Question
Can someone help me with this PYTHON lab. Please answer in code! An *n-gram* -- in the context of parsing natural languages such as English
Can someone help me with this PYTHON lab. Please answer in code!
An *n-gram* -- in the context of parsing natural languages such as English -- is a sequence of *n* consecutive *tokens* (which we might define as characters separated by whitespace) from some passage of text. Based on the following passage:
> I really really like cake.
We have the following 2-grams:
[('I', 'really'), ('really', 'really'), ('really', 'like'), ('like', 'cake.')]
And the following 3-grams:
[('I', 'really', 'really'), ('really', 'really', 'like'), ('really', 'like', 'cake.')]
(I omit a 1-gram listing because it would merely be a list of all tokens in the original text.)
Among other things, n-grams are useful for describing the vocabulary of and statistical correlation between tokens in a sample body of text (e.g., as taken from a book). We can use an n-gram model to determine the likelihood of finding a particular sequence of words after another. This information, in turn, can be used to generate passages of text that statistically mimic the sample.
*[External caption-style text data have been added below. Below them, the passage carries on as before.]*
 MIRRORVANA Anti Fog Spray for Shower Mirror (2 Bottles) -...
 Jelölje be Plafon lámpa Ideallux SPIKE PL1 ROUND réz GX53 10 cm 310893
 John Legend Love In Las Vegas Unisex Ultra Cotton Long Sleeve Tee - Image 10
We can convert the above 3-gram list into the following lookup structure (i.e., a dictionary mapping strings to lists of 2-tuples), where the first token of each n-gram maps to all sequences that follow it in the text:
{'I': [('really', 'really')], 'really': [('really', 'like'), ('like', 'cake.')]}
We can now generate passages of text using the following method:
1. Select a random key and use it as the start token of the passage. It will also serve as the current token for the next step. 2. Select a random tuple from the list associated with the current token and append the sequence to the passage. The last token of the selected sequence will be the new current token. 3. If the current token is a key in the dictionary then simply repeat step 2, otherwise select another random key from the dictionary as the current token and append it to the passage before repeating step 2.
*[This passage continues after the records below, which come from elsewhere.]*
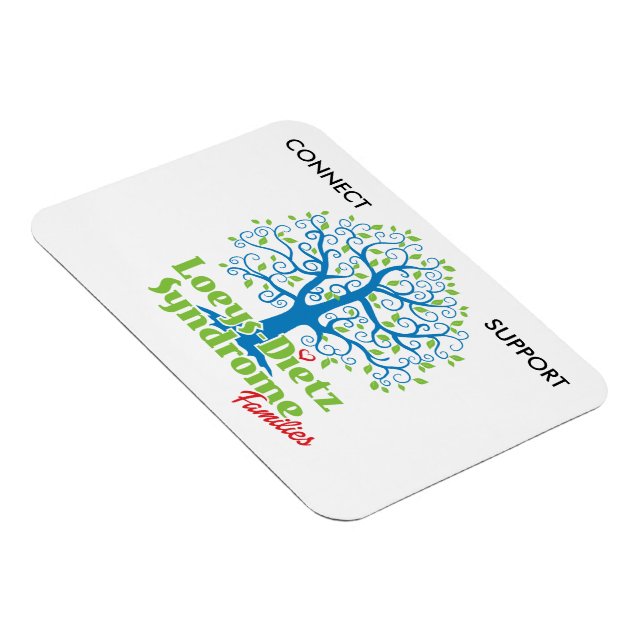 Loeys-Dietz Take Heart Car Magnet (Rechte Seite)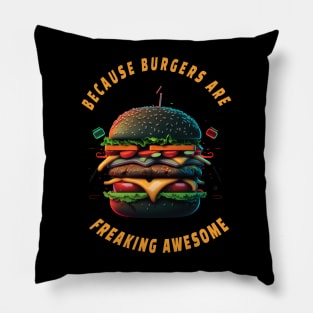 Burger Quotes For Burger Lovers And Junk Food Sayings Pillow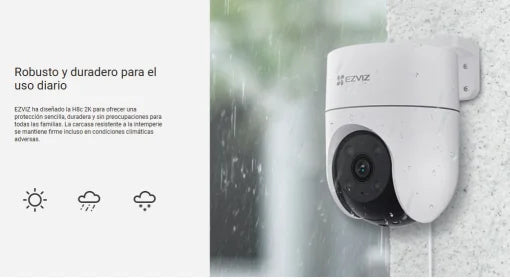 Cámara Smart EZVIZ H8C Pro 2K 360° (modelo CS-H8C-R200-1K3WKFL)
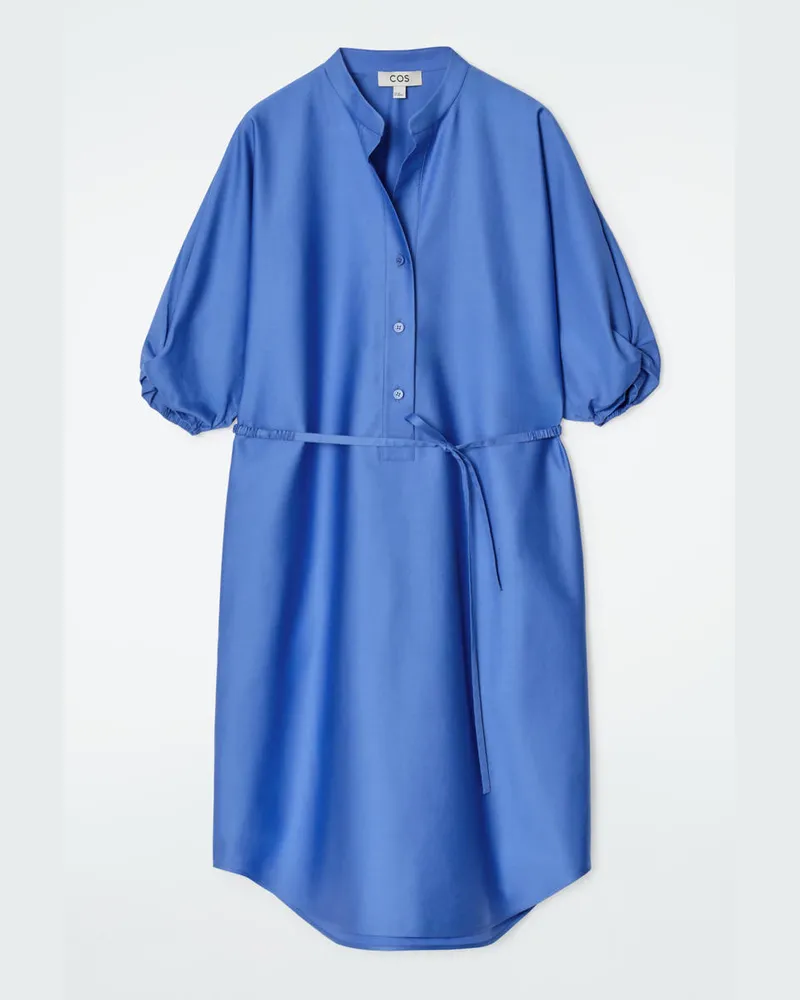 COS Hemdkleid In Midilänge Mit Gürtel Blau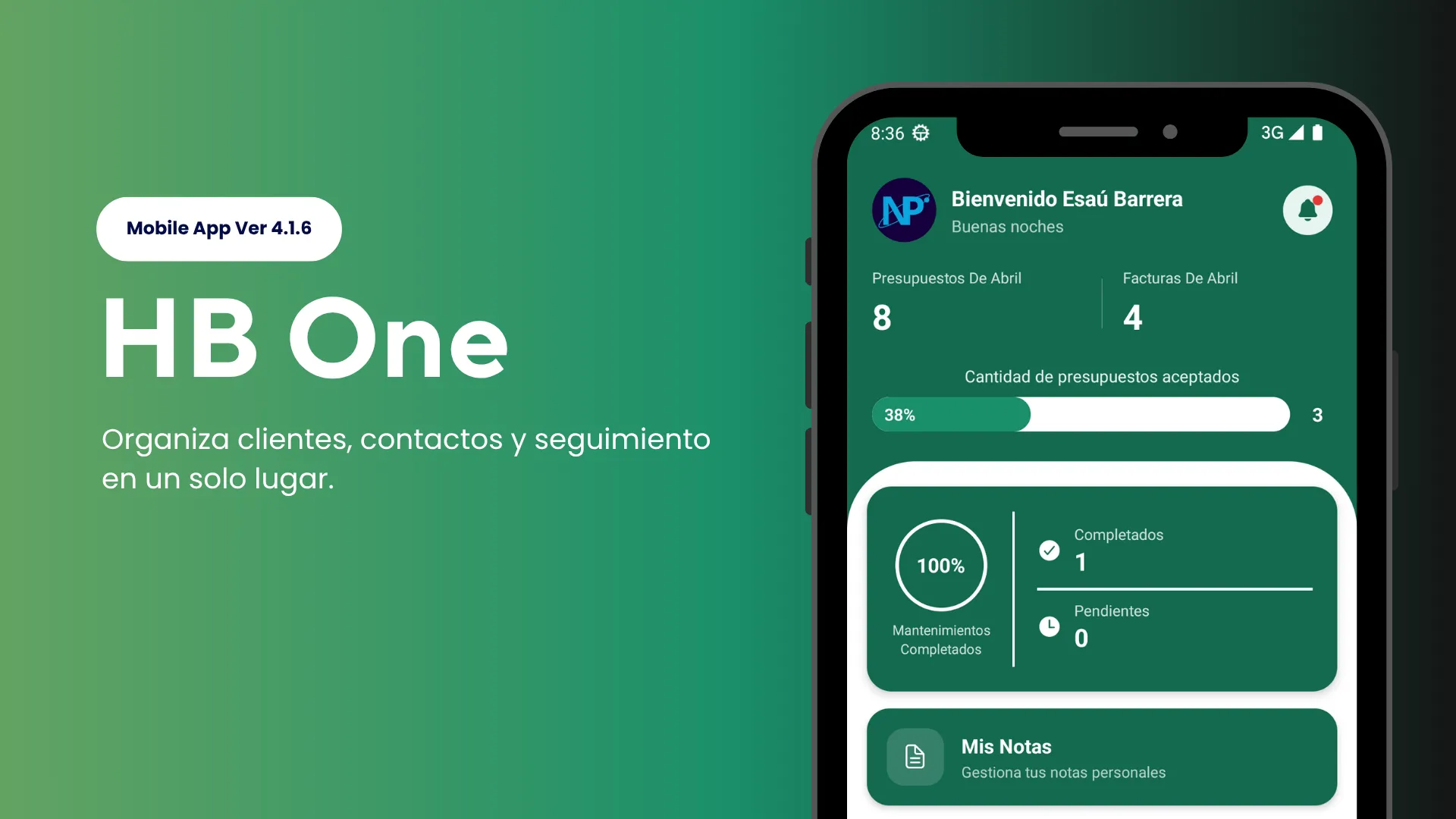 Captura del proyecto HBOne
E.g., we might start by selecting `'I'` in step (1), which gives us `('really', 'really')` as our only choice in (2). The second `'really'` in that tuple is the new current token (which is a valid key), which takes us back to (2) and gives us a choice between two tuples. If we choose `('like', 'cake.')`, then we have `'cake.'` as our new current token --- it is not a key in the map, however, so we'd have to choose a new random key if we wanted to generate a longer passage. Either way, the passage we've generated thus far is `'I really really like cake.'` (which also happens to be the original passage).
Here's a lengthier passage that could be generated from the 3-gram dictionary above -- note that for clarity I've added `*`'s every time a new random key is selected (i.e., when the previous token isn't a key in the dictionary):
> \* really like cake. \* I really really really like \* really like cake. \* I really really really like \* really
This gets more interesting when we build n-gram dictionaries from lengthier bodies of text. For instance, the following text was generated (with a little programmed embellishment for prettier capitalization and punctuation) from a 3-gram dictionary extracted from Romeo's famous balcony monologue:
> Lamp her eyes were there they in their spheres till they in her eyes in all the fairest stars in all the heaven having some business do wear it is my love! O it is envious her cheek would through the heaven having some business do entreat her eyes were there they in their spheres till they in her eyes to.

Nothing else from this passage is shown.